Art. 20. - Effectif du personnel consulaire
A défaut d'accord explicite sur l'effectif du personnel du poste consulaire, l'Etat de résidence peut exiger que cet effectif soit maintenu dans les limites de ce qu'il considère comme raisonnable et normal, eu égard aux circonstances et conditions qui règnent dans la circonscription consulaire et aux besoins du poste consulaire en cause.
Art. 21. - Préséance entre les fonctionnaires consulaires d'un poste consulaire
L'ordre de préséance entre les fonctionnaires consulaires d'un poste consulaire et tous changements qui y sont apportés sont notifiés par la mission diplomatique de l'Etat d'envoi ou, à défaut d'une telle mission dans l'Etat de résidence, par le chef du poste consulaire au Ministère
des Affaires étrangères de l'Etat de résidence ou à l'autorité désignée par ce ministère.
Art. 22. - Nationalité des fonctionnaires consulaires
1. Les fonctionnaires consulaires auront en principe la nationalité de l'Etat d'envoi.
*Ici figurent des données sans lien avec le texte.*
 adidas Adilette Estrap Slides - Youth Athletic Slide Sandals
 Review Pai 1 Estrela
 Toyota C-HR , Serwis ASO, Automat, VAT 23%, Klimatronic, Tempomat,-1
2. Les fonctionnaires consulaires ne peuvent être choisis parmi les ressortissants de l'Etat de résidence qu'avec le consentement exprès de cet Etat, qui peut en tout temps le retirer.
3. L'Etat de résidence peut se réserver le même droit en ce qui concerne les ressortissants d'un Etat tiers qui ne sont pas également ressortissants de l'Etat d'envoi.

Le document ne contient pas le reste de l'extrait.